Do you have a HIPAA Business Associate Agreement (“BAA”) in place with all your vendors who have access to your patients’ Protected Health Information (“PHI”)? If not, you may be exposing your practice to a significant monetary penalty. On December 4, 2018, the United States Department of Health and Human Services Office of Civil Rights released a statement revealing they have reached a $500,000 settlement with a Florida hospitalist group for disclosing PHI to a vendor with whom they did not have a HIPAA BAA. The group retained medical billing services from an individual who claimed to be a representative of a Florida-based billing company. From November 2011 through June 2012, the individual provided medical billing services for the group. In February 2014, a local hospital informed the hospitalist group that patient information was viewable on the billing company’s website. The group filed a breach notification report with the Office of Civil Rights in 2014, triggering an investigation. The investigation revealed that the group did not have a BAA with the billing company or the individual who provided the billing services, nor did they have any policies or procedures providing for BAA’s as required by HIPAA. This investigation was resolved with the hospitalist group agreeing to pay $500,000 and undertake a corrective action plan.
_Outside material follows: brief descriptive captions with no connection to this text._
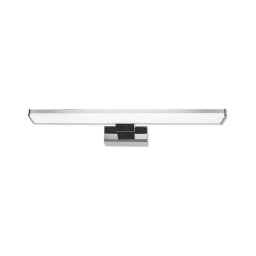 Top Light TEXAS - Iluminação de espelho de casa de banho LED LED/8W/230V IP44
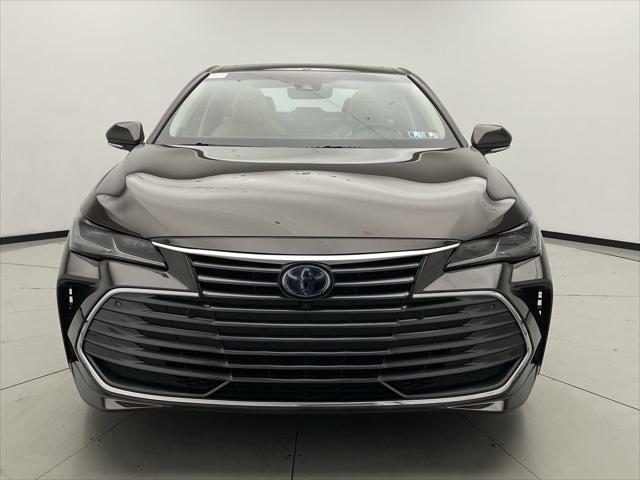 used 2019 Toyota Avalon Hybrid car, priced at $31,949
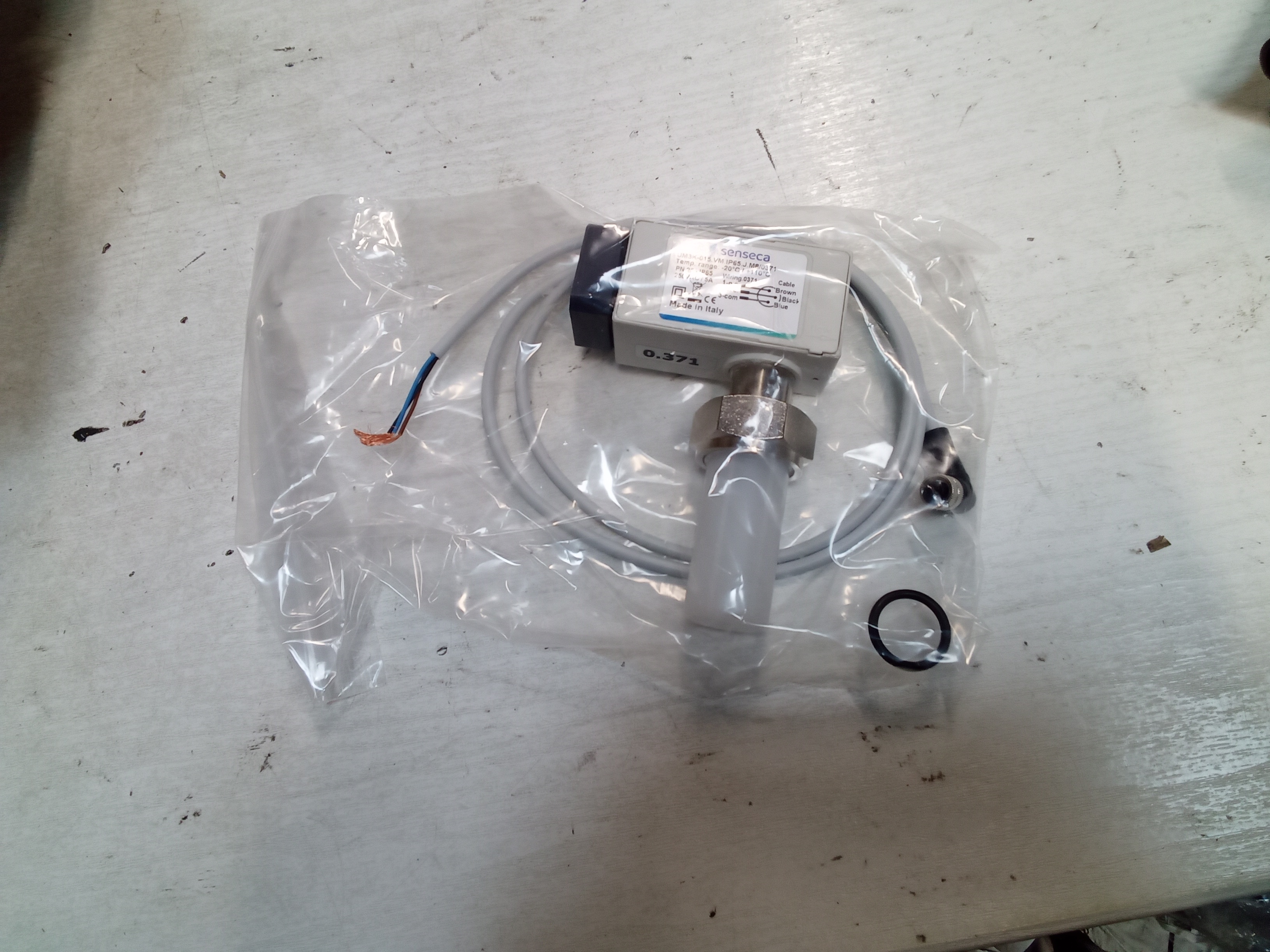 UM3K-015.VM.IP65.J.M8/0371 preview 4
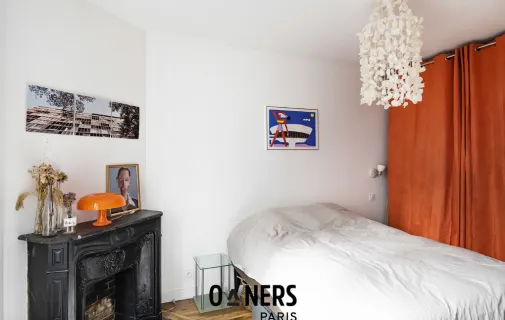 Location Paris Appartement 83271e26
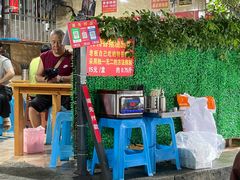 -左撇子私房面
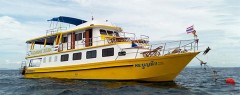 MV Bunmee 3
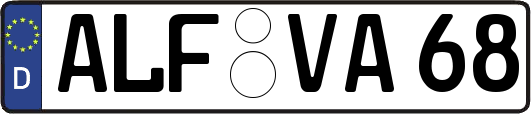 ALF-VA68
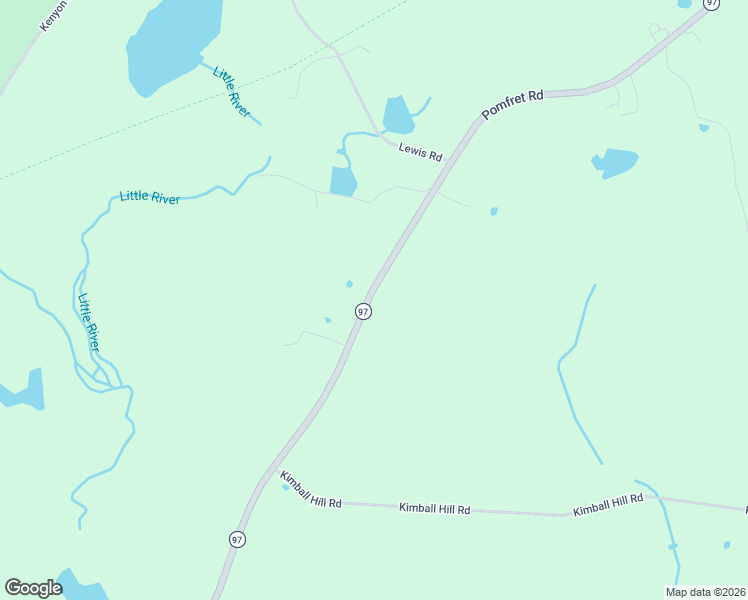 map of restaurants, bars, coffee shops, grocery stores, and more near 932 Pomfret Road in Hampton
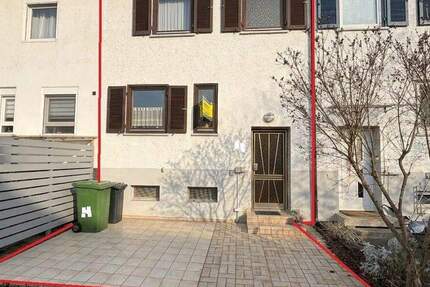 Haus Offenburg Weststadt - 4 Zimmer, 95 m&sup2;, 199.000&euro; | Angebot:25694417
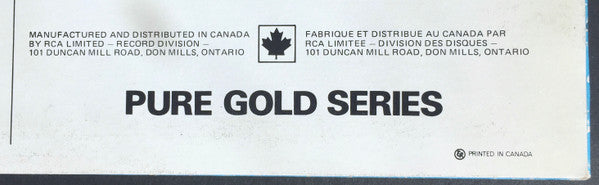 Henry Mancini : The Music From Peter Gunn (LP, Album, RE)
HIPAA Privacy Rules require that a covered entity, such as a physician group or healthcare facility, must enter into a written BAA that satisfies the elements in 45 CFR 164.504(e) when hiring or doing work with an entity or individual that will use, have access to, or receive PHI. By entering into the agreement, the covered entity should obtain assurances from the Business Associate (“BA”) that the PHI will be used only for the purposes for which the BA is being engaged, that the BA will safeguard the information from misuse, and that it will help the entity to comply with the covered entity’s duties under the Privacy Rule.
As the new year approaches, it is a good time to review your HIPAA policies regarding BA’s and make sure a HIPAA BAA is in place with each BA.